Radioactive iodine detected over Europe
Not due to Fukushima; no public health risk
Very low levels of radiation, which are higher than normal but don't seem to pose a health hazard, are being registered in the Czech Republic and elsewhere in Europe, the International Atomic Energy Agency said Friday.
The agency said the cause was not known but was not the result of Japan's Fukushima Daiichi nuclear disaster, which spread radiation across the globe in March. The "very low levels of iodine-131 have been measured in the atmosphere," the agency said in a statement. It said such radioisotope will lose much of its radiation in about eight days.
However, an official familiar with the matter, who asked for anonymity because he was not authorized to comment, said the release appeared to be continuing.
The agency said that it was investigating.
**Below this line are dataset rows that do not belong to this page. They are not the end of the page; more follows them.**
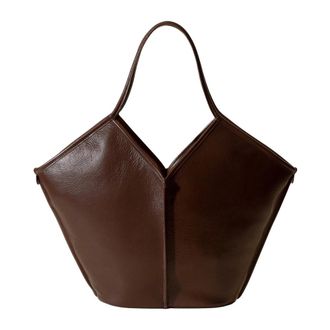 Hereu Tote Bags, female, Brown, Size: ONE SIZE Calella Leather-Trimmed Tote Bag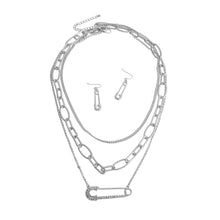 Load image into Gallery viewer, Long Layered Silver Chain Pin Necklace
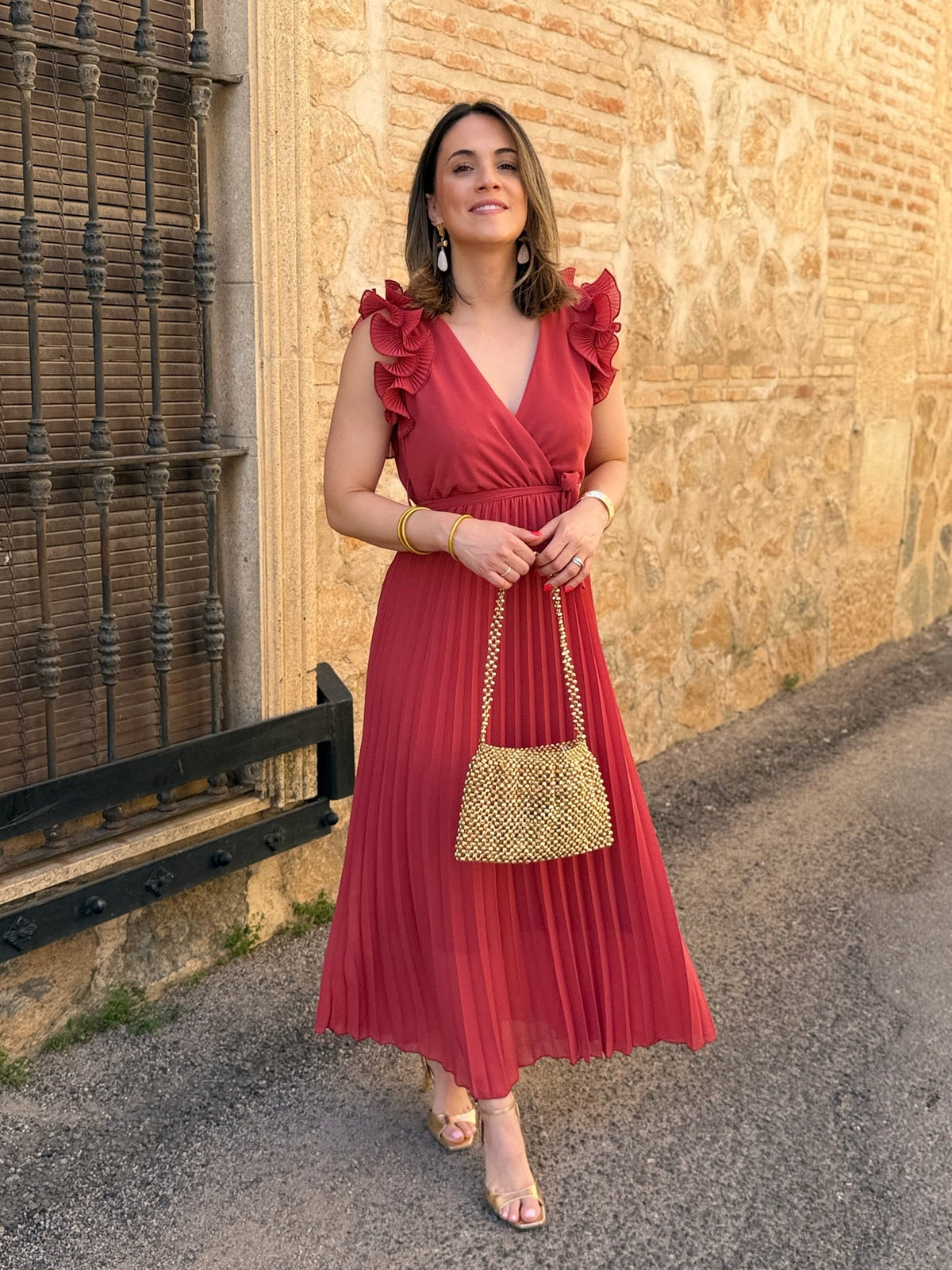 Vestido gasa terracota | Savia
In Prague, an official at the Czech State Office for Nuclear Safety said he was "100 per cent sure" that the radiation had not come from any Czech nuclear power plant — or from any other source on Czech territory.
Speaking on condition of anonymity because he wasn't authorized to talk to the media, the official said tests are under way around the country to try and identify the source.
The Czechs are betting heavily on nuclear power and have plans to dramatically increase production — a move that would give the country a place among Europe's most nuclear-dependent nations. They currently rely on six nuclear reactors for 33 per cent of their total electricity. The government hopes to at least double that output.
That's in stark contrast to its neighbours: German Chancellor Angela Merkel's government decided to phase out nuclear energy by 2022 following the meltdown at the Fukushima plants, and Switzerland has followed suit. Austria abandoned nuclear energy after the 1986 Chornobyl nuclear disaster and strictly opposes the Czech nuclear program.